WHAT IS BEING ASKED
Transcribe exactly the entries from the "Kyriad Crepy EN Valois โรงแรมในอวส" line to the end, both included, minus pictures.

INPUT MATERIAL
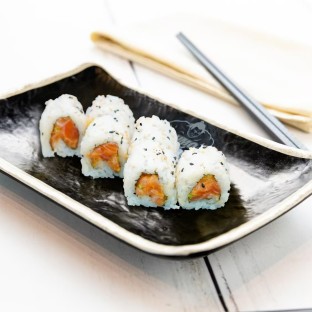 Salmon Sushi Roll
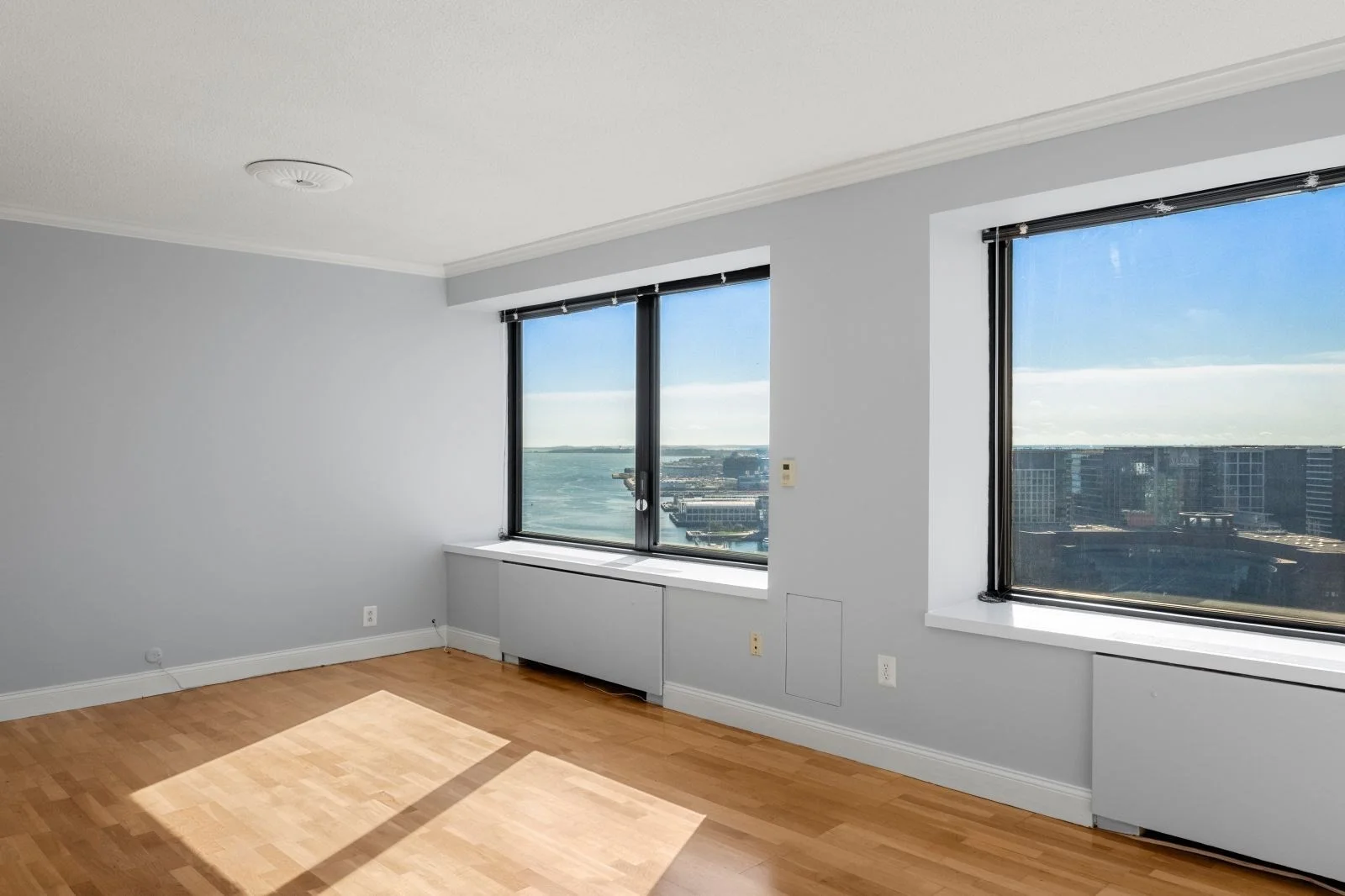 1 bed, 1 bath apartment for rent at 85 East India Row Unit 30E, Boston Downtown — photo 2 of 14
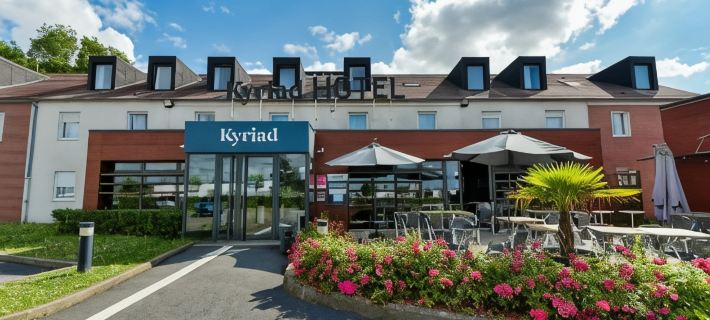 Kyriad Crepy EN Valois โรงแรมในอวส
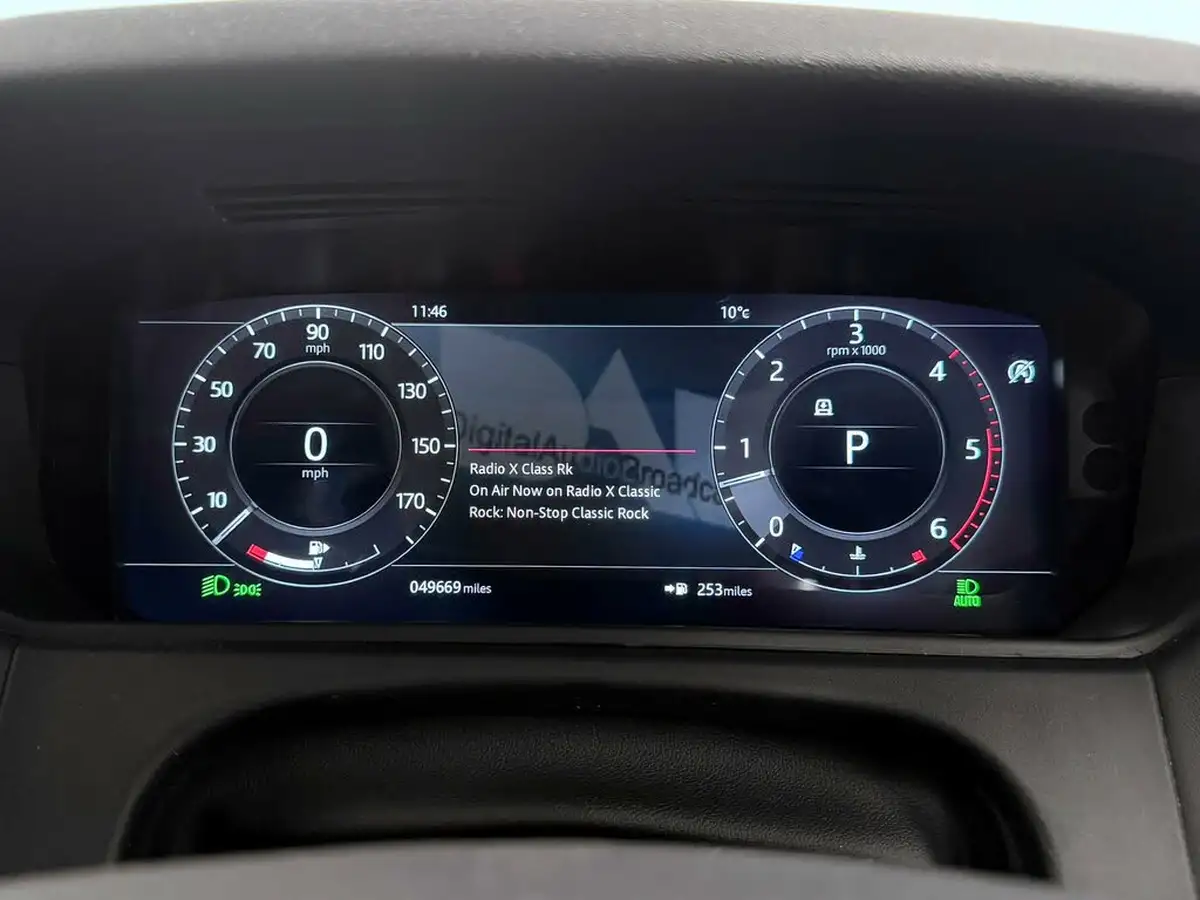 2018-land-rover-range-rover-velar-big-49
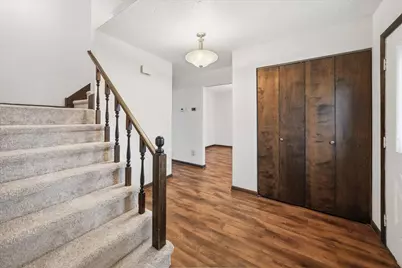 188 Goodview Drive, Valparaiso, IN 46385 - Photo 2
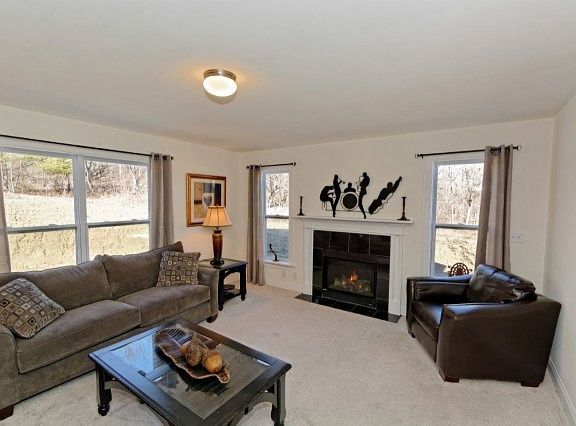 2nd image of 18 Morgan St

TASK RESULT
 Kyriad Crepy EN Valois โรงแรมในอวส
 2018-land-rover-range-rover-velar-big-49
 188 Goodview Drive, Valparaiso, IN 46385 - Photo 2
 2nd image of 18 Morgan St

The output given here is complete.